Thanks for the help.

Severn Trent shows the water in my area as 6.80 which seems within the usual listed parameters for Red Cherry (6.5 - 8.0) but looks a little on the low side.


----------



## dw1305 (30 Mar 2020)

Hi all, 





BarryH said:


> Severn Trent shows the water in my area as 6.80


I'd imagine that should be fine for Cherry Shrimps, they are pretty resilient. Another option is a <"Cuttle "bone"> they sell these for Budgies etc. and they work pretty well.
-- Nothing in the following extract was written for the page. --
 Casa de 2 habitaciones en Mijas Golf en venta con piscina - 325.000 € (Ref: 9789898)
If you put a little bit in the snails and shrimps will pick at it, and if the water gets below pH7 it will start to go into solution.

cheers Darrel


----------



## BarryH (30 Mar 2020)

Thanks again Darrel. Really appreciate the help.


----------



## dw1305 (30 Mar 2020)

Hi all, 





BarryH said:


> Really appreciate the help.


I've always been both skint and really tight with money, so I know a lot of cheap alternatives to "branded" products.

cheers Darrel


----------



## BarryH (30 Mar 2020)

At the minute, it also helps if you have a pet shop just round the corner that sell cuttlefish bone.


----------



## Gill (30 Mar 2020)

BarryH said:


> At the minute, it also helps if you have a pet shop just round the corner that sell cuttlefish bone.
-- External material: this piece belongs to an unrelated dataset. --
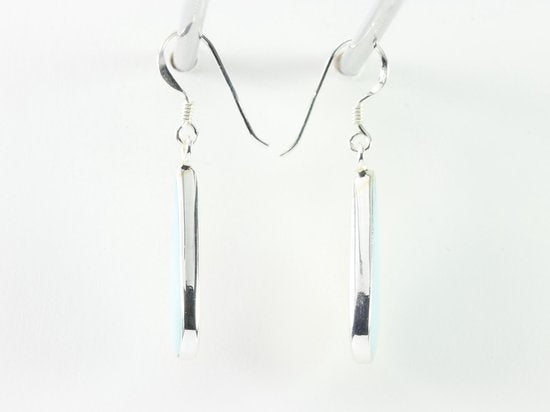 Druppelvormige zilveren oorbellen met lichtblauwe schelp afbeelding 2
 Is That Coussins by any chance.


----------



## BarryH (30 Mar 2020)

Gill said:


> Is That Coussins by any chance.


That's a new one on me Pardeep. Not sure where that is.


----------



## Gill (31 Mar 2020)

BarryH said:


> That's a new one on me Pardeep. Not sure where that is.


blagreaves lane


----------



## BarryH (1 Apr 2020)

dw1305 said:


> Hi all, I'd imagine that should be fine for Cherry Shrimps, they are pretty resilient. Another option is a <"Cuttle "bone"> they sell these for Budgies etc. and they work pretty well.
> 
> If you put a little bit in the snails and shrimps will pick at it, and if the water gets below pH7 it will start to go into solution.
> 
> cheers Darrel


I've got my cuttlefish bone, problem now is - how do I get it to sink? I put a smallish piece in the tank and it flew to the surface quicker than a submarine on steroids.


----------



## tiger15 (1 Apr 2020)

All my tanks have dolomite gravel as substrate.  Dolomite is Calcium and Magnesium carbonate,  so I never have to dose GH for my plants.  Dolomite is better for plants than crushed coral because it is less soluble and won't dissolve too fast or over raise pH.  Crushed coral is used by Marine fish folks to buffer pH to 8 and above.


----------



## dw1305 (1 Apr 2020)

Hi all, 





BarryH said:


> I've got my cuttlefish bone, problem now is - how do I get it to sink? I put a smallish piece in the tank and it flew to the surface quicker than a submarine on steroids.


Try wedging it under something. It should sink after a while.

cheers Darrel


----------



## BarryH (8 Apr 2020)

As an update on this, I've just been watching a video on YT where "Tums" were added into the tank to provide a good source of calcium carbonate for the shrimp. the "Tums" product no longer seems to be available here in the UK but a search on Google brought up Rennies and other calcium carbonate tablets.

Does anyone add anything like this to their shrimp tanks?


----------